● ACTION ITEM:
Transcribe the lines exactly, beginning with the one that contains "43507 Town Gate Sq, Chantilly, VA 20152" and ending with the final line of the records. Do not transcribe pictures.

● DATASET RECORDS:
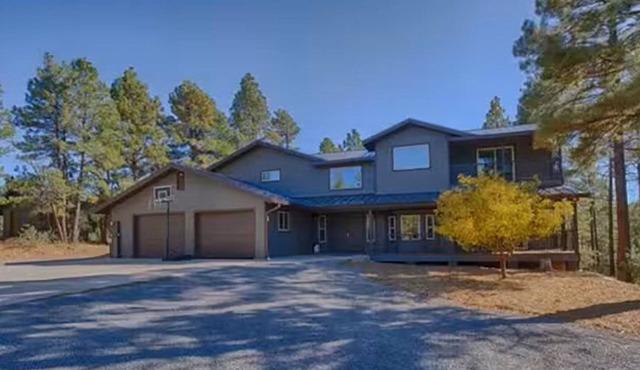 Luxury Cabin for all ages in charming Show Low!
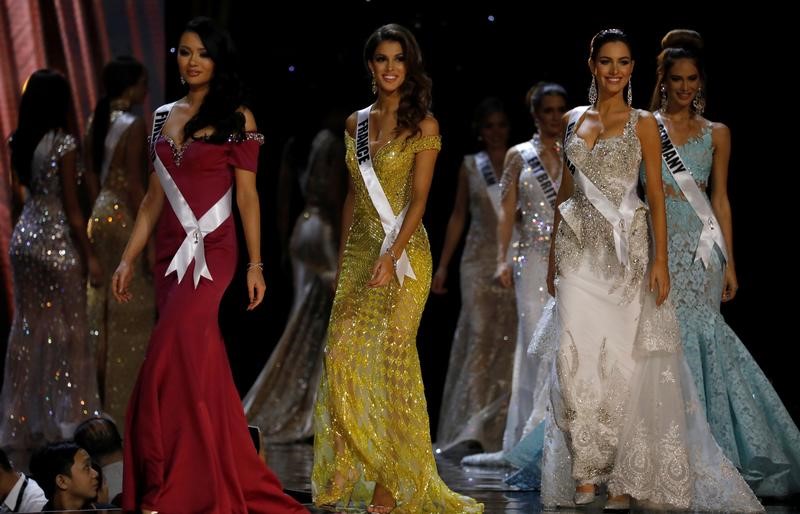 © Reuters. انطلاق مسابقة ملكة جمال الكون في مانيلا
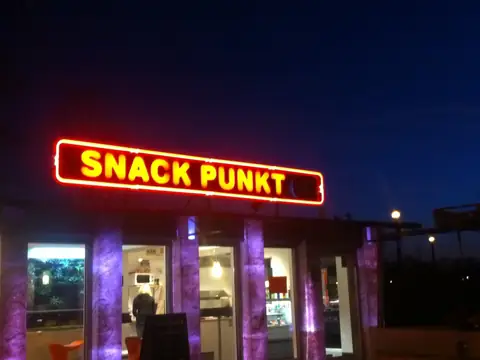 Neon SNACK PUNKT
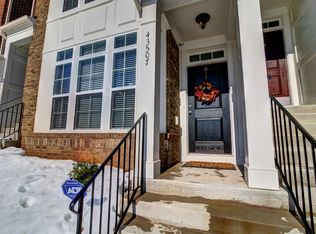 43507 Town Gate Sq, Chantilly, VA 20152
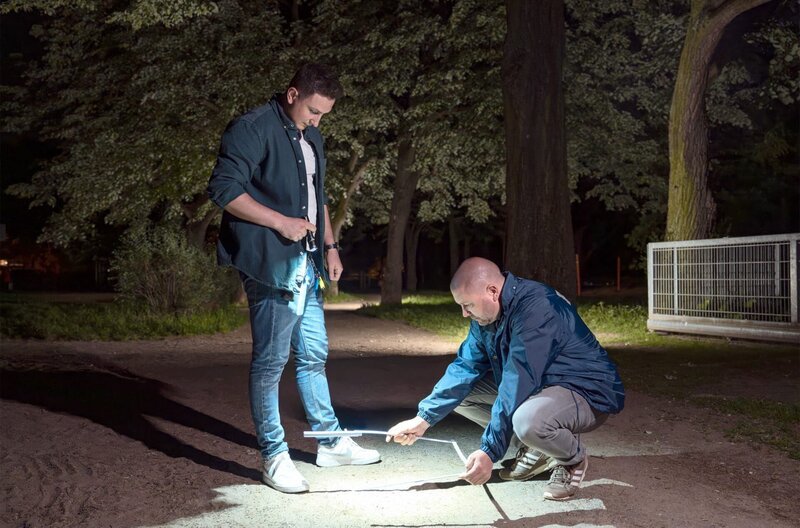 Der Kriminaldauerdienst sichert einen Tatort: Dominic Gillot (r.) und Kevin Gugenheimer. – Bild: SWR/​Jürgen Weißenfels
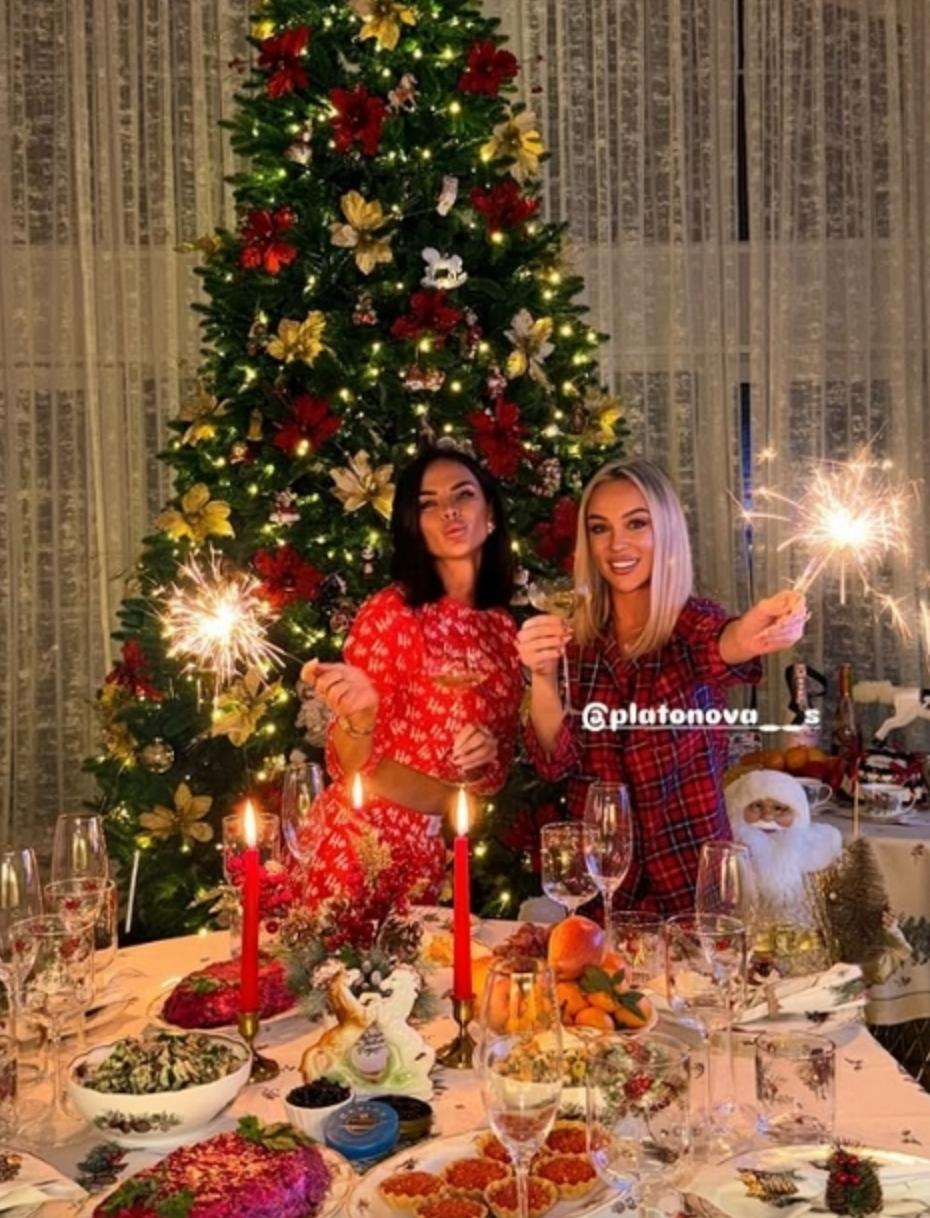 Звезда «ДОМа-2» Виктория Романев проводила 2025 год с подругой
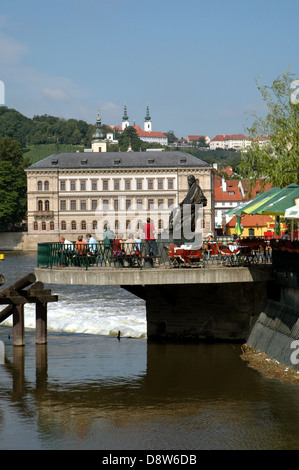 Blick über die Vltava (Moldau) von Stare Mesto Stadtteil Tschechien Stockfoto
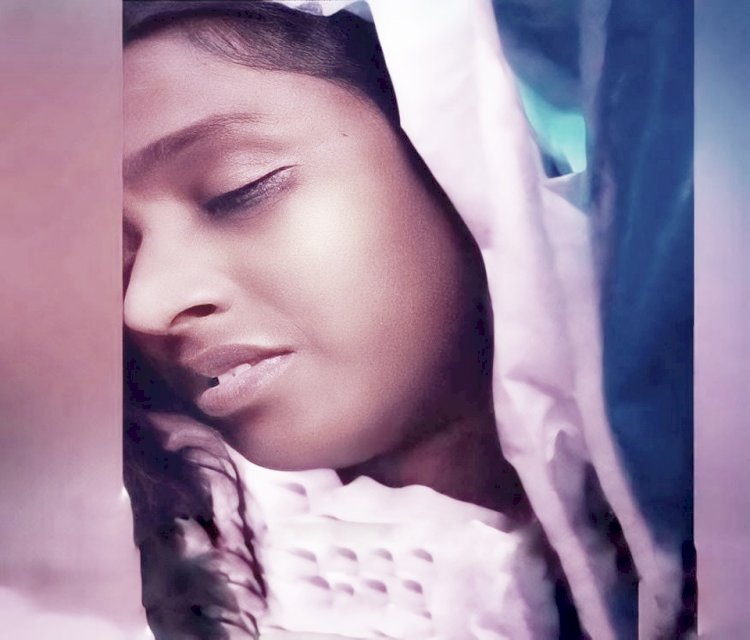 চলন্ত মোটর সাইকেলের চাকায় ওড়না জড়িয়ে গৃহবধূর মৃত্যু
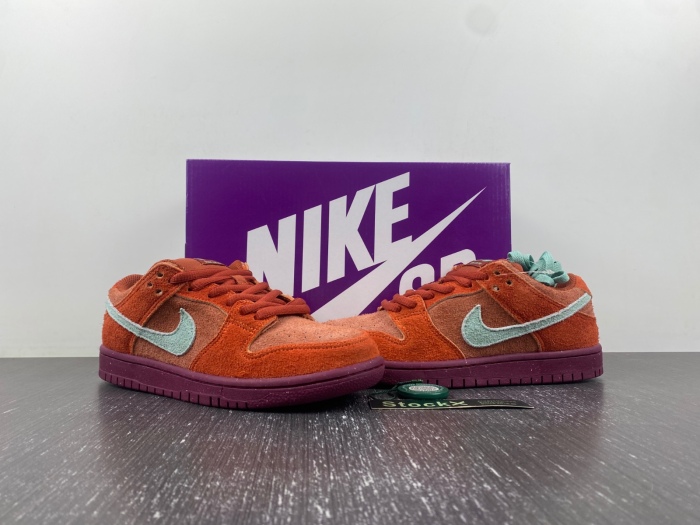 SB Dunk Low Mystic Red Rosewood DV5429-601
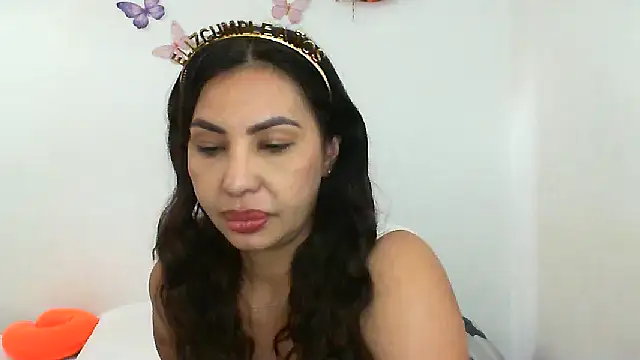 salome  milf online show from May 28, 7:11 pm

● ANSWER BOX:
 43507 Town Gate Sq, Chantilly, VA 20152
 Der Kriminaldauerdienst sichert einen Tatort: Dominic Gillot (r.) und Kevin Gugenheimer. – Bild: SWR/​Jürgen Weißenfels
 Звезда «ДОМа-2» Виктория Романев проводила 2025 год с подругой
 Blick über die Vltava (Moldau) von Stare Mesto Stadtteil Tschechien Stockfoto
 চলন্ত মোটর সাইকেলের চাকায় ওড়না জড়িয়ে গৃহবধূর মৃত্যু
 SB Dunk Low Mystic Red Rosewood DV5429-601
 salome  milf online show from May 28, 7:11 pm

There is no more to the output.